It seems to me that the challenge of adding, through knowledge-practices, something that matters to the world,  is one which should not be taken in ontological or epistemological terms alone, but one that must also be understood as an ethical interrogation. Perhaps Karen Barad’s (2007) term, “ethico-onto-epistemology” applies here, for it points to the necessity of interrogating knowledge-practices not merely in epistemological terms but also as practices of invention and relation, of “problematic togetherness” (Stengers, 2010). Simply put, adding something that matters entails the challenge of caring for the world. Arguably, the whole difference between affirming productivity and actually producing is grounded on the fact that the latter obligates us to engage with those who already inhabit the worlds we are committed to and thus those who might be affected by our additions to them.

Paradoxically, it has been the case throughout the history of the social sciences that their modern modes of practice have taken such challenge for granted through an anti-fetishistic, “critical” disqualification of those others that were the so-called “subjects” of their research. By appealing to the enlightened recourse to universal truth,  the guaranteed “objectivity” of scientific methods, to a clear-cut distinction between “knowledge” and “belief”, and last but not least, to the Western epistemic authority embodied in the figures of the sociologist, the anthropologist or the psychologist, the modern relationship between the social sciences and the inhabitants of the world under study could hardly qualify as one of “care”. Rather, as Isabelle Stengers (1997; 2000) has argued, it is the motifs of “rights” and “parasitism” that better characterise that relation: The researcher is entitled, in the name of science, to the right to “know” her subject/object of study, with the purpose of turning her unwarranted, irrational beliefs into rational, objective knowledge. Thus, in the modern relationship, it is the right of the social scientist to pose the questions, to know in advance what questions matter and why, and conversely, it is the obligation of the researched to answer them regardless of whether of not they actually matter to them.
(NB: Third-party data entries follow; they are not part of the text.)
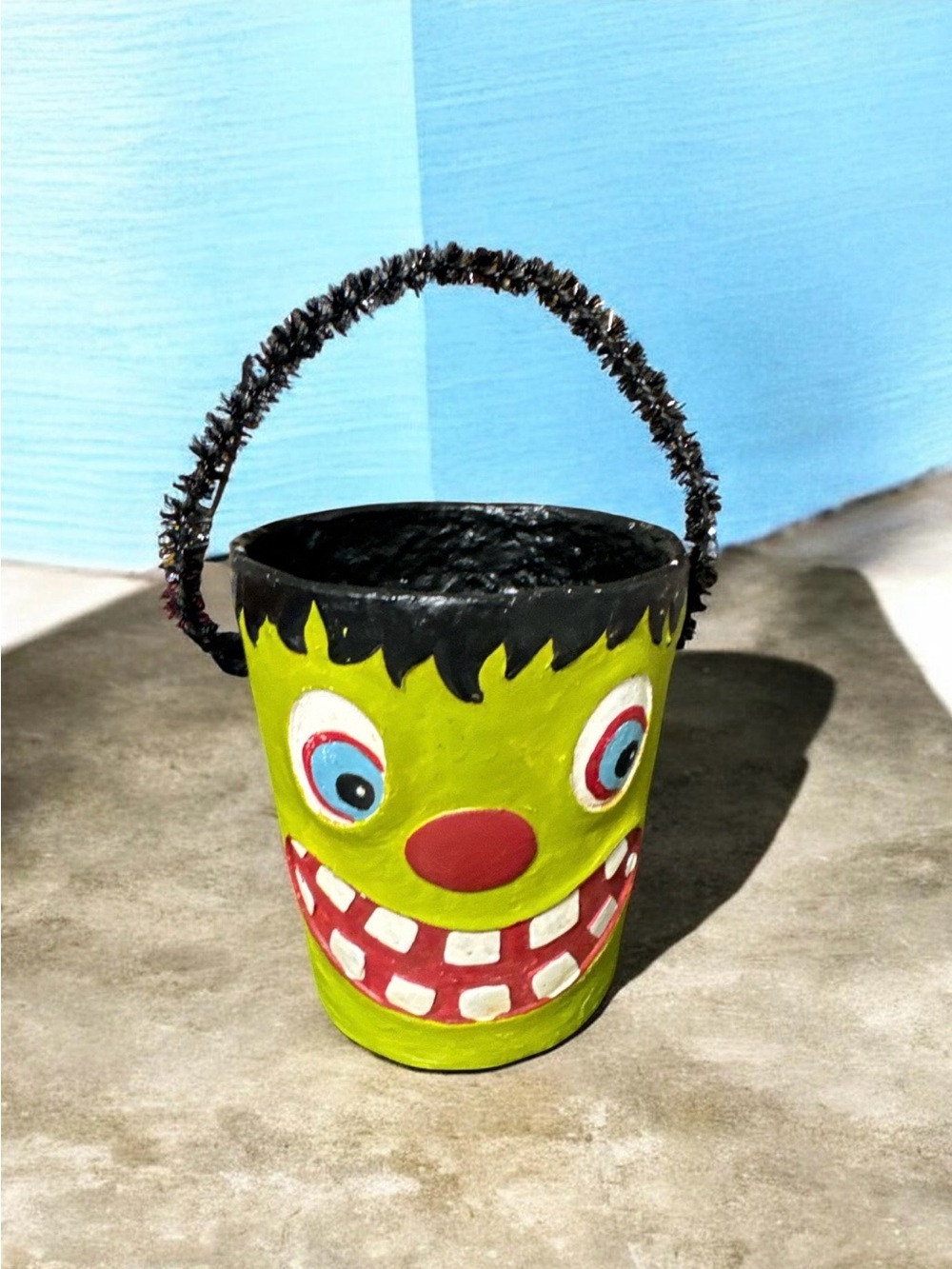 Kids Green Monster Treat Bucket - Fun Candy Pail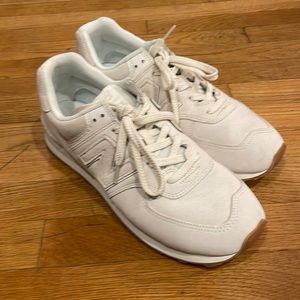 New Balance 574 off-white gum sole sneakers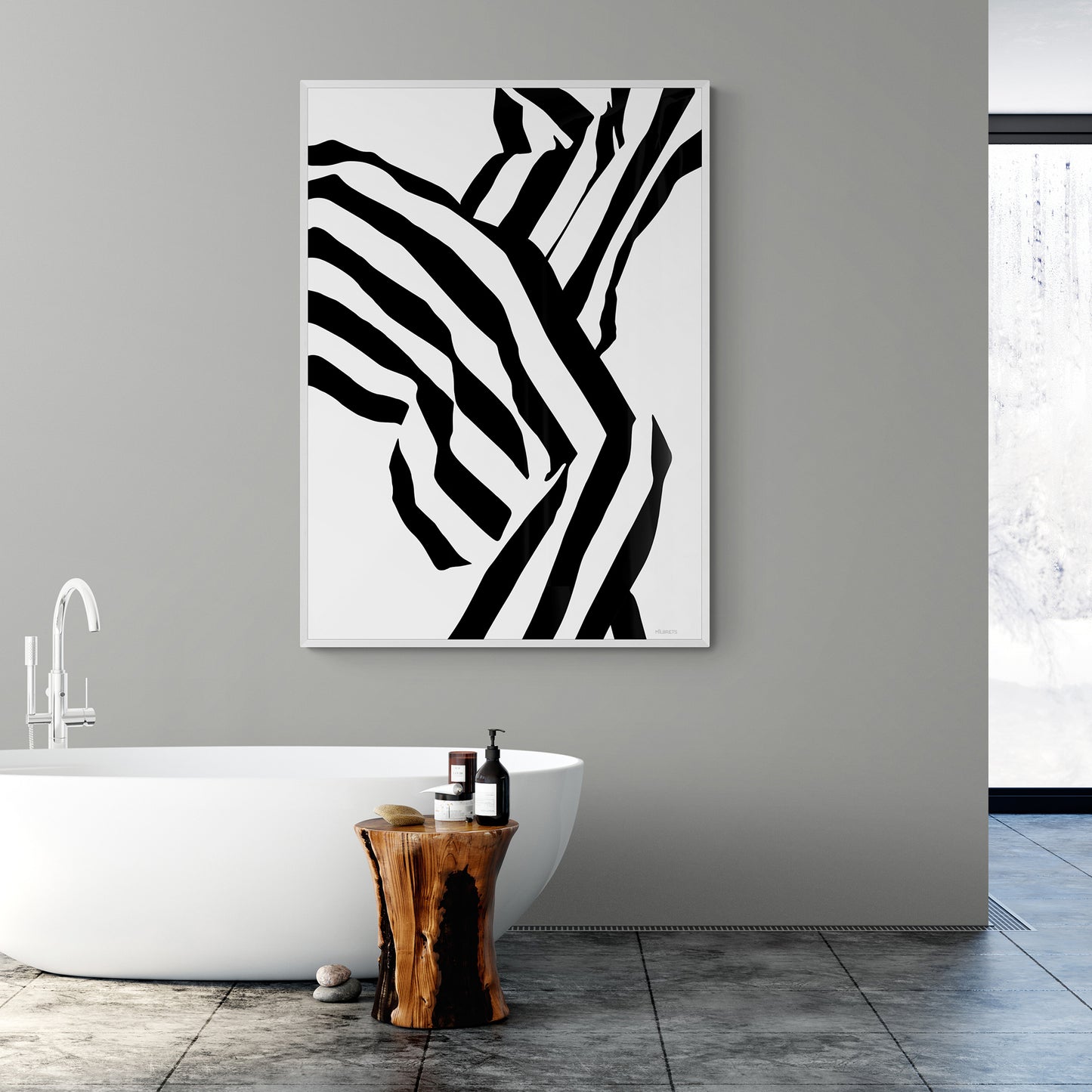 Monochrome Stripes Abstract Wall Art | Flow Canvas Print | "ZA-262"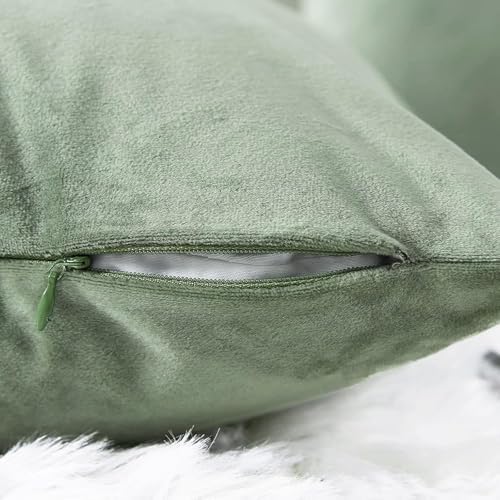 VAKADO Throw Pillow Covers Decorative 22X22 Set of 2 Sage Green Outdoor Decor Couch Cushion Covers Euro Pillowcases Home Bed Decoration for Sofa Bedroom Office - Image 3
            Thus, if asking the question of how to produce forms of knowledge that add and are committed to the worlds they research  immediately poses the problem of care, then the relationship the social sciences maintain with the worlds they study is a crucial element in interrogating their productive character. Moreover, it is one that needs not only due attention, but also an inventive approach that might help us induce transformations in such relations.

My contention is that Deleuze and Guattari’s notion of “double capture” might be of help to this task. Indeed, it might be a means to start constructing a political epistemological practice concerned with producing new modes of existence and thus adding something to the world in a way that is more democratic, and more ethical, than the modern, all too modern, social scientific knowledge-practice.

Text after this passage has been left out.